* _TASK INPUTS_
↓↓↓

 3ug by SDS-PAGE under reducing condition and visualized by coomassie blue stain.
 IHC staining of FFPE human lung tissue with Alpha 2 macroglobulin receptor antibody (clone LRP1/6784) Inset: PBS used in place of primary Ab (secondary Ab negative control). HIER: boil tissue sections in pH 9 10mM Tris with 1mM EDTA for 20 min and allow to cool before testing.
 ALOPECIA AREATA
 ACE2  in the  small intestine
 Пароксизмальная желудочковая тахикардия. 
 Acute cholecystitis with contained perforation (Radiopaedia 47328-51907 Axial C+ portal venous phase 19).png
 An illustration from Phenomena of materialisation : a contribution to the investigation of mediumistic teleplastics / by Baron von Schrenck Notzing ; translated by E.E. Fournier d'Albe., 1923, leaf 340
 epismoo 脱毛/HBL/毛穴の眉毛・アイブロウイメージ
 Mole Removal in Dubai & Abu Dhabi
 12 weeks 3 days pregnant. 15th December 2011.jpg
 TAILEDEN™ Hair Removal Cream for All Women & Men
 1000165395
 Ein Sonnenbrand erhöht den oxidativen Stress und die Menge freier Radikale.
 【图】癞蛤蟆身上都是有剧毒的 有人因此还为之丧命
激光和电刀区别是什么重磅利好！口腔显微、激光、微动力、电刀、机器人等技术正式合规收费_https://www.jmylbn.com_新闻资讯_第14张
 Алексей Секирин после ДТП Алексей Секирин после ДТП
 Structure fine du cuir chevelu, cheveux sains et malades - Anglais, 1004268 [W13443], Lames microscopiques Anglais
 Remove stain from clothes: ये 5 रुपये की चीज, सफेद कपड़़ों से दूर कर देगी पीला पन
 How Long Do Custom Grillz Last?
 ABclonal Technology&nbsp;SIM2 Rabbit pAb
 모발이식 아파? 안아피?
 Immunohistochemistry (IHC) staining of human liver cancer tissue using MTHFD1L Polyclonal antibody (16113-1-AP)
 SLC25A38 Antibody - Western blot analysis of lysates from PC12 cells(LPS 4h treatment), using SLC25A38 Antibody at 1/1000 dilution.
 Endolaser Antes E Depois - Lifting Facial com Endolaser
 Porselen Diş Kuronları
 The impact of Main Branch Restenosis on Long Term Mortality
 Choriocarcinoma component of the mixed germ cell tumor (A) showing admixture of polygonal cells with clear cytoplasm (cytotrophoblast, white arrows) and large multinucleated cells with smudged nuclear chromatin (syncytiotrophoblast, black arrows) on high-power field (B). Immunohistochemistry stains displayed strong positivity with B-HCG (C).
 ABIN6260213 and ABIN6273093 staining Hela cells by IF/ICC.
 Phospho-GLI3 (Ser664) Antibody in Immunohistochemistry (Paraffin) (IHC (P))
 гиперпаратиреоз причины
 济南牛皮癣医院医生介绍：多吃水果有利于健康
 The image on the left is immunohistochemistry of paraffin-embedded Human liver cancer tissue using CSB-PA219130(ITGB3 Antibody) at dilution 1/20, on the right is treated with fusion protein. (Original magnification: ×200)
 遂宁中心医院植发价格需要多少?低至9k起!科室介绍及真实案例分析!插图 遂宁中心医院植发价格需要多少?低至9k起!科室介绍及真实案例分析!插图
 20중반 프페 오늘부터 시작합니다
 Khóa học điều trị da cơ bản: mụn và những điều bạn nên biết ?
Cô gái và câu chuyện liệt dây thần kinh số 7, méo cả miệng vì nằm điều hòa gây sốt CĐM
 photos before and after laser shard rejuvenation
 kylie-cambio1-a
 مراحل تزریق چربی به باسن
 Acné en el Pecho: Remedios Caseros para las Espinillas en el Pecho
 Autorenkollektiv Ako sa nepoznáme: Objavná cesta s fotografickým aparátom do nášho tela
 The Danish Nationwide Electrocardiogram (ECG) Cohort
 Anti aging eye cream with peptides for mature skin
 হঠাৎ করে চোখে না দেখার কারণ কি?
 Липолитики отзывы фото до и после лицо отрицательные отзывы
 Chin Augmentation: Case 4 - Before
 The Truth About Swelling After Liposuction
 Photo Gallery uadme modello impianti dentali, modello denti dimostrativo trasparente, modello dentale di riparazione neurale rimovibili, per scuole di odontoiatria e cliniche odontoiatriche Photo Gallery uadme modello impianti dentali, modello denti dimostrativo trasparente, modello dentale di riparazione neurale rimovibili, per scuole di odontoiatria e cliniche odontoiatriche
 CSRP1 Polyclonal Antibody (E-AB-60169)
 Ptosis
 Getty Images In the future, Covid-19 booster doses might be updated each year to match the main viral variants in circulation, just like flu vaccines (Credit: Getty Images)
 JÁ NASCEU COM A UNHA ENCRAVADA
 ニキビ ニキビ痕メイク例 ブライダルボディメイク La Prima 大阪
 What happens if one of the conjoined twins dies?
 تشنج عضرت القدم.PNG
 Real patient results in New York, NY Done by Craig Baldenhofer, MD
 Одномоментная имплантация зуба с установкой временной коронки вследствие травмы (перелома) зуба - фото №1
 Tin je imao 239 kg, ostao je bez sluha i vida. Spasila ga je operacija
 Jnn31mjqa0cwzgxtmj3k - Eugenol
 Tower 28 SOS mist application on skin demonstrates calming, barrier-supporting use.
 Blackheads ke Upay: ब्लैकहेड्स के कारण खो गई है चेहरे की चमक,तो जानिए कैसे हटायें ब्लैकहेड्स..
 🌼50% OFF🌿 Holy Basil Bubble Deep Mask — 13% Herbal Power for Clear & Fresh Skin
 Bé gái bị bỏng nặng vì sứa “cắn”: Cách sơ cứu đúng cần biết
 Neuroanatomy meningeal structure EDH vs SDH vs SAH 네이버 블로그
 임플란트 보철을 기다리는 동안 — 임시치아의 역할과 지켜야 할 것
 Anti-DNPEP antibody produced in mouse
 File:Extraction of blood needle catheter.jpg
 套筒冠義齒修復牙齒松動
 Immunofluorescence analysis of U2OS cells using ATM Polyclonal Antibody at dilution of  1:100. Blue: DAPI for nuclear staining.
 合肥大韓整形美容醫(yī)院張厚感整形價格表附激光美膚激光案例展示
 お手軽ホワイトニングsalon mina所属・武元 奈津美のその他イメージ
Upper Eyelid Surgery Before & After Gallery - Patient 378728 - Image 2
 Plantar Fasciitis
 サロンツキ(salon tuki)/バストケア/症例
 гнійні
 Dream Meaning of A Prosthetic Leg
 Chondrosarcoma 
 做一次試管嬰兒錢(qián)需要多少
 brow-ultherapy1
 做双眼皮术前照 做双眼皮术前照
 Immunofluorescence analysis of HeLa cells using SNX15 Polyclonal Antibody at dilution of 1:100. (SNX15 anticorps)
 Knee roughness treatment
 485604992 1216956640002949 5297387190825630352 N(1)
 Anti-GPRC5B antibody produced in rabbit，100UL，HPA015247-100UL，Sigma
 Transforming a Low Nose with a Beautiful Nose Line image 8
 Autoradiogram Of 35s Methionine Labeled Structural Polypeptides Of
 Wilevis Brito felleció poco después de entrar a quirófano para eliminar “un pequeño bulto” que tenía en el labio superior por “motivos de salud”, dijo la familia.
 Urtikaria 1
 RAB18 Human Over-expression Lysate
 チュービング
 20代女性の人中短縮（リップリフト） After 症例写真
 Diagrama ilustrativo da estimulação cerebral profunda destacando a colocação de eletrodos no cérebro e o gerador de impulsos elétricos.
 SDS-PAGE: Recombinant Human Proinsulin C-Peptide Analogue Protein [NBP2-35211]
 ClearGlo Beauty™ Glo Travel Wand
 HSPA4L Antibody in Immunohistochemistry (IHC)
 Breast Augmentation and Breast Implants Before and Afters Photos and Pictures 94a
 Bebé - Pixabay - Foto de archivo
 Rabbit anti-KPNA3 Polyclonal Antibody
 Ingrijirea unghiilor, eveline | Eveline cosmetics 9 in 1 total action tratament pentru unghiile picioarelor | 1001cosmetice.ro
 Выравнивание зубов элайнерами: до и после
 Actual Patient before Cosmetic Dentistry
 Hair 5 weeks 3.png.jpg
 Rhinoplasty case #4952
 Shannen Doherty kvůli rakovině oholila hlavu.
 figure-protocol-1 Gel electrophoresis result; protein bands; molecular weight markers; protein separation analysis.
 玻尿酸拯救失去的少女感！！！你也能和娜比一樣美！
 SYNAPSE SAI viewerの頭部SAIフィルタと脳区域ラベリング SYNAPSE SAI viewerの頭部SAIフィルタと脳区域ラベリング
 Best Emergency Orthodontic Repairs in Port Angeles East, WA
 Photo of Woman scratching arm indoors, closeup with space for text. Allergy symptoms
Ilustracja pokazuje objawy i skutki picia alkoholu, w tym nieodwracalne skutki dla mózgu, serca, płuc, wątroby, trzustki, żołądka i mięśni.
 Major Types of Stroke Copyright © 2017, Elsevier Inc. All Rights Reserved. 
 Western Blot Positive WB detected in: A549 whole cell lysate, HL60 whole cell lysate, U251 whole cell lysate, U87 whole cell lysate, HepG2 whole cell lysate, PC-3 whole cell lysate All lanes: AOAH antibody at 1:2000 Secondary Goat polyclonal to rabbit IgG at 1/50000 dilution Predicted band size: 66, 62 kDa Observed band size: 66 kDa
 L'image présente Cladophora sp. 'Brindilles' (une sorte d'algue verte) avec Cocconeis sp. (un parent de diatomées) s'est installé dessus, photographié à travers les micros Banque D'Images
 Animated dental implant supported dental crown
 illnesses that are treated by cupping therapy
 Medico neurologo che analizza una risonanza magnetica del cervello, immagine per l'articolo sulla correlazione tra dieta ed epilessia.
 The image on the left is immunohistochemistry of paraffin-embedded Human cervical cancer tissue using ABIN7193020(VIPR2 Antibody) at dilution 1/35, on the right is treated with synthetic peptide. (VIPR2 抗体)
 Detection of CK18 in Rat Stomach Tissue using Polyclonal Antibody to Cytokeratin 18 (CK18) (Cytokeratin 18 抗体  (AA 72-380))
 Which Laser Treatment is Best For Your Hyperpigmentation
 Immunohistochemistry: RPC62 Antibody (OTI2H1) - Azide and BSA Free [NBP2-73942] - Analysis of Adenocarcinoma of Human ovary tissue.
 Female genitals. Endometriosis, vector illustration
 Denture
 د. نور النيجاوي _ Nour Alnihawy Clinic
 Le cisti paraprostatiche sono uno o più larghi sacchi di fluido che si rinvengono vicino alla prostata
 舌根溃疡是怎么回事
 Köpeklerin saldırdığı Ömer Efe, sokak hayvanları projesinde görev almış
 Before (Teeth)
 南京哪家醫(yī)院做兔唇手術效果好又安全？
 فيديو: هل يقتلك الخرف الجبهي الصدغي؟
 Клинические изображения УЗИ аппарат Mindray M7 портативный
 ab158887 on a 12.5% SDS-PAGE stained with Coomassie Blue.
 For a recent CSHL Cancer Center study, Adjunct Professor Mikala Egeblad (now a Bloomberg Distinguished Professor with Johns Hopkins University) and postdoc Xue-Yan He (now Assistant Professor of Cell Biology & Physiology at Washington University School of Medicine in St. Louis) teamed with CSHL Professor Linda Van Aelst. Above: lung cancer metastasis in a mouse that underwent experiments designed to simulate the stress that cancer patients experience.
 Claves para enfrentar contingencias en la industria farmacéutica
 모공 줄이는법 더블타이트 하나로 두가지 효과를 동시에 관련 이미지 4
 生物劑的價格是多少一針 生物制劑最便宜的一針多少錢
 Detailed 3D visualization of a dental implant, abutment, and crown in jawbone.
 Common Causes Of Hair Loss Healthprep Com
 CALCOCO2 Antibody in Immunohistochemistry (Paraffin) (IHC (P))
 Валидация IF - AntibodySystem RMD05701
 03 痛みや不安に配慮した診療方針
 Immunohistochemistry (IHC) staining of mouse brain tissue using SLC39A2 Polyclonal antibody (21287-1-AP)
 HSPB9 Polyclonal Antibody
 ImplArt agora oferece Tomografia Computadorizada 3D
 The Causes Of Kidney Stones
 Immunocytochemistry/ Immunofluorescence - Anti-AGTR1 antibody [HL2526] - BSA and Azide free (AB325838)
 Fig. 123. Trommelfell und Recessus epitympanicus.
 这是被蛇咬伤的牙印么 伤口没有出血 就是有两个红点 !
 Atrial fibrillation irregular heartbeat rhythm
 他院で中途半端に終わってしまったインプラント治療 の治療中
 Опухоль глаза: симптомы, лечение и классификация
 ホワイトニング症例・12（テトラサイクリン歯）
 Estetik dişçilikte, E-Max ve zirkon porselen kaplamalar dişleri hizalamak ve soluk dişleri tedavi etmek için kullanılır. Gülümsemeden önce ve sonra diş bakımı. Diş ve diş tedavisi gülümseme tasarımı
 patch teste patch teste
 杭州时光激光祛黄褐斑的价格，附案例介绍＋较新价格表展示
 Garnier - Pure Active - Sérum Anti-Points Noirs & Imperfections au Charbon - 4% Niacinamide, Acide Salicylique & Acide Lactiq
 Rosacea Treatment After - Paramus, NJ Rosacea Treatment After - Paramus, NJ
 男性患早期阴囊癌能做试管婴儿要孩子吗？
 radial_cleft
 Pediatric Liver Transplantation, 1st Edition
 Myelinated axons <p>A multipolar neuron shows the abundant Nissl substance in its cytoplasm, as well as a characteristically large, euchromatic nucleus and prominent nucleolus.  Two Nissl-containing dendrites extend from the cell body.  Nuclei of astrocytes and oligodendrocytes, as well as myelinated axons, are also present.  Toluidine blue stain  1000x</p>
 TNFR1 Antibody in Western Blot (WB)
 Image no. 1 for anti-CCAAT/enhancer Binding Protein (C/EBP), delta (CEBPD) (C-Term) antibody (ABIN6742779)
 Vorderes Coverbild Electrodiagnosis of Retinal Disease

↑↑↑

* _WHAT IS BEING ASKED_
Retype only the lines above between the line with "모공 줄이는법 더블타이트 하나로 두가지 효과를 동시에 관련 이미지 4" and the line with "The Causes Of Kidney Stones", counting those two lines as well, and keep every character as it is.

* _RESULT OF THIS EXERCISE_
 모공 줄이는법 더블타이트 하나로 두가지 효과를 동시에 관련 이미지 4
 生物劑的價格是多少一針 生物制劑最便宜的一針多少錢
 Detailed 3D visualization of a dental implant, abutment, and crown in jawbone.
 Common Causes Of Hair Loss Healthprep Com
 CALCOCO2 Antibody in Immunohistochemistry (Paraffin) (IHC (P))
 Валидация IF - AntibodySystem RMD05701
 03 痛みや不安に配慮した診療方針
 Immunohistochemistry (IHC) staining of mouse brain tissue using SLC39A2 Polyclonal antibody (21287-1-AP)
 HSPB9 Polyclonal Antibody
 ImplArt agora oferece Tomografia Computadorizada 3D
 The Causes Of Kidney Stones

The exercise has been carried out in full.